| Task |
Write out again, exactly as they appear, the lines from the start of the data below through the line with "There are a"; no pictures.

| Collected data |
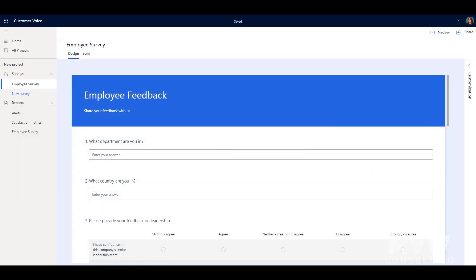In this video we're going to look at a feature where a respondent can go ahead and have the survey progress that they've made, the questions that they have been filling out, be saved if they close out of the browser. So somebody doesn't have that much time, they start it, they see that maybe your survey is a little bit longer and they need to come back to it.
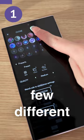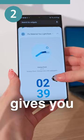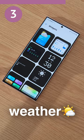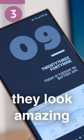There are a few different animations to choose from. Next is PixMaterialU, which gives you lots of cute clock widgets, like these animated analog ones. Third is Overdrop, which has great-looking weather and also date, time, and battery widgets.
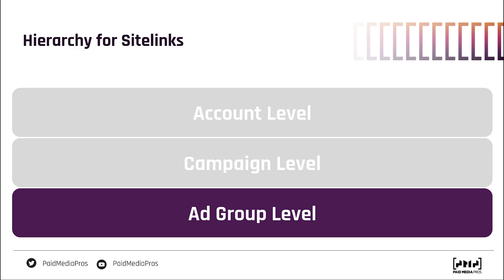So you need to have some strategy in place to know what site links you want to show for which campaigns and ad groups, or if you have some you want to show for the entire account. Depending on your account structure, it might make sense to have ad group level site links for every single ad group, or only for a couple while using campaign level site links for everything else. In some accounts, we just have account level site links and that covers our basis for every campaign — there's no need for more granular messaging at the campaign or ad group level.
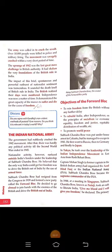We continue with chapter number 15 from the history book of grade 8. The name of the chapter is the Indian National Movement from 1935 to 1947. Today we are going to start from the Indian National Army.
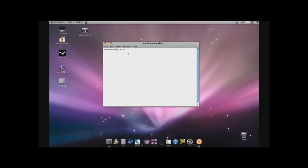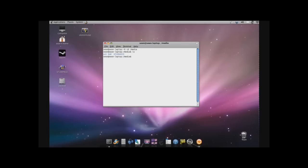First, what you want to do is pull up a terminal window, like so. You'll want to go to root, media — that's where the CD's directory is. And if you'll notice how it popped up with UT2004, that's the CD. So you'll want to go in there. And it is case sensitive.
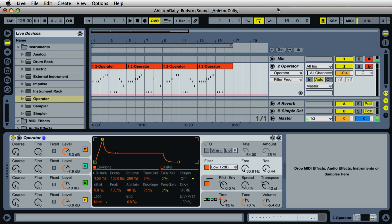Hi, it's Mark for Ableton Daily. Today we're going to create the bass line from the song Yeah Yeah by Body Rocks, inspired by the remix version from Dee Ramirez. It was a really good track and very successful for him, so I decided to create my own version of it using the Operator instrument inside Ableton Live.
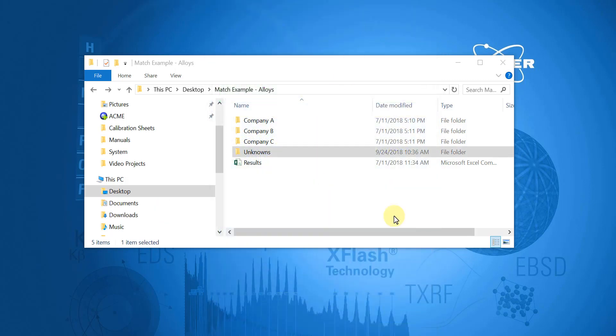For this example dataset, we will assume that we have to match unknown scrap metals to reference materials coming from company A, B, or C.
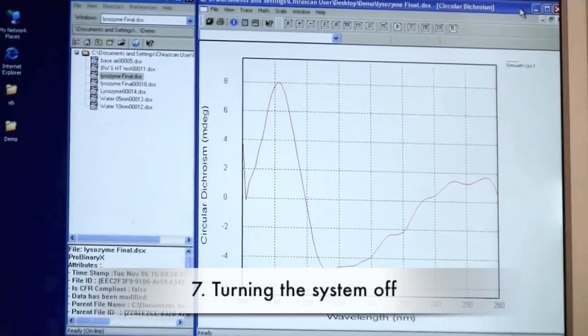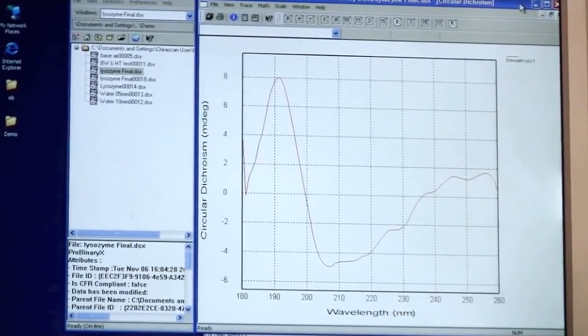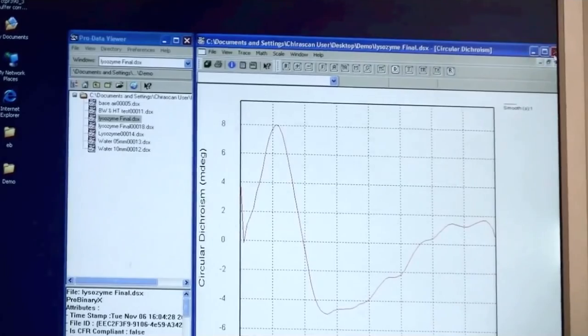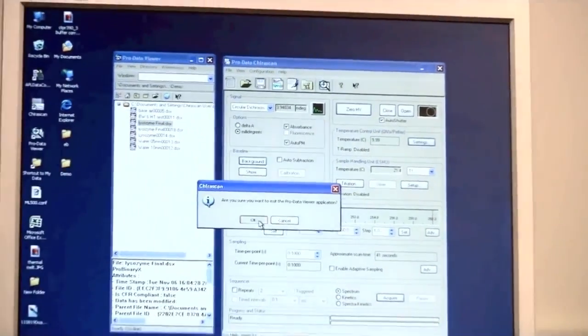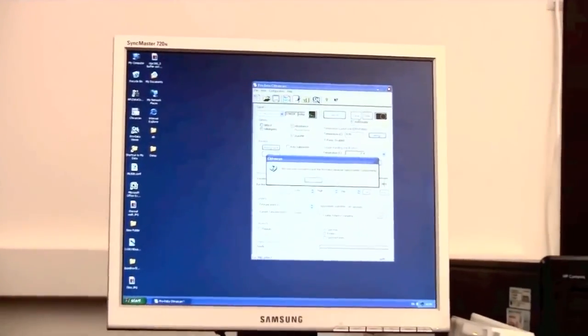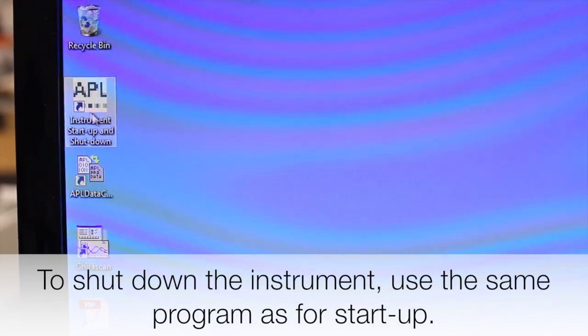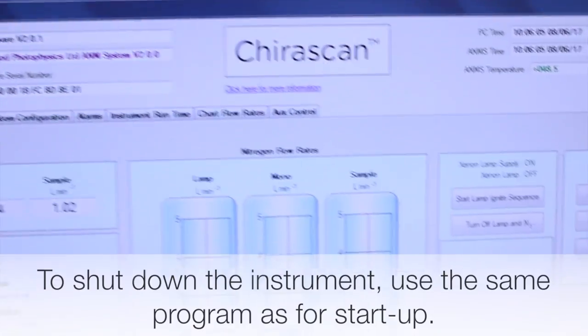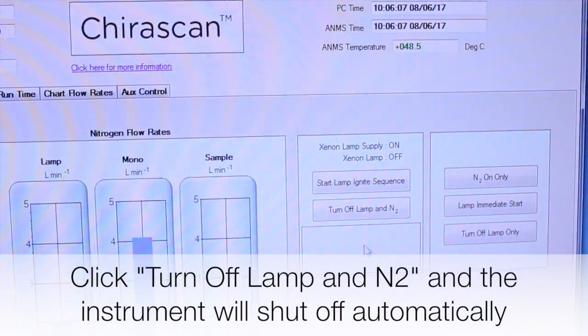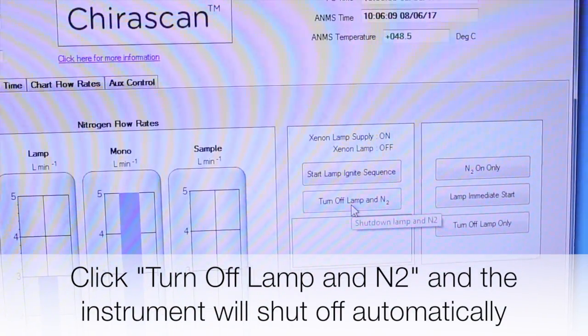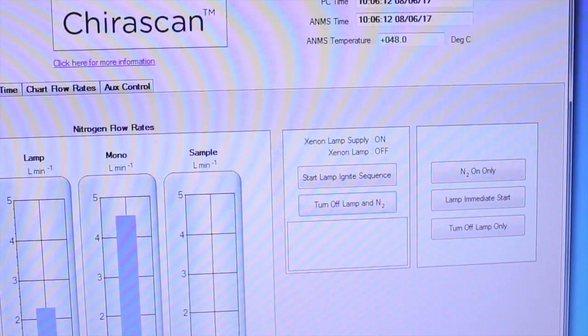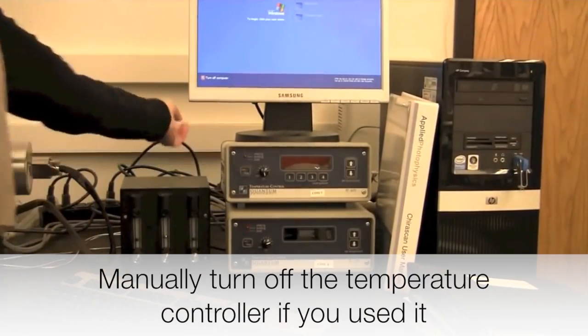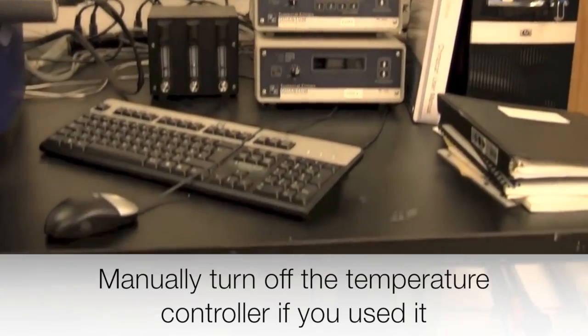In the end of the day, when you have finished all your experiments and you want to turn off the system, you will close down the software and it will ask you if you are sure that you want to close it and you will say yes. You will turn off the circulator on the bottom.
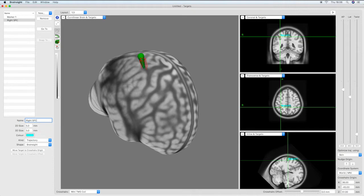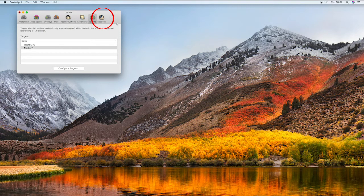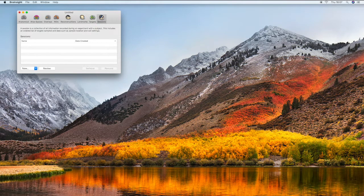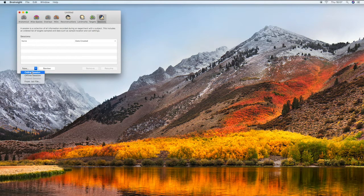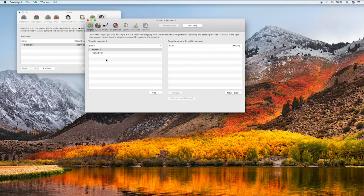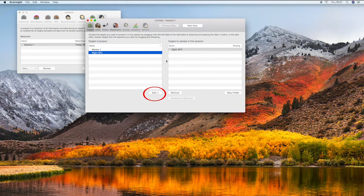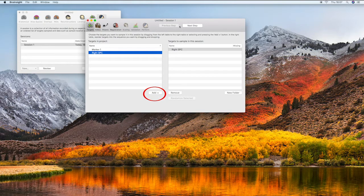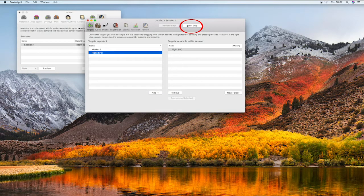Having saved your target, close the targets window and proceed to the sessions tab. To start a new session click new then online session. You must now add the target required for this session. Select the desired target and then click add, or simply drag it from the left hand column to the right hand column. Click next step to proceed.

| Written response |
In this video we're going to look at a feature where a respondent can go ahead and have the survey progress that they've made, the questions that they have been filling out, be saved if they close out of the browser. So somebody doesn't have that much time, they start it, they see that maybe your survey is a little bit longer and they need to come back to it.
There are a few different animations to choose from. Next is PixMaterialU, which gives you lots of cute clock widgets, like these animated analog ones. Third is Overdrop, which has great-looking weather and also date, time, and battery widgets.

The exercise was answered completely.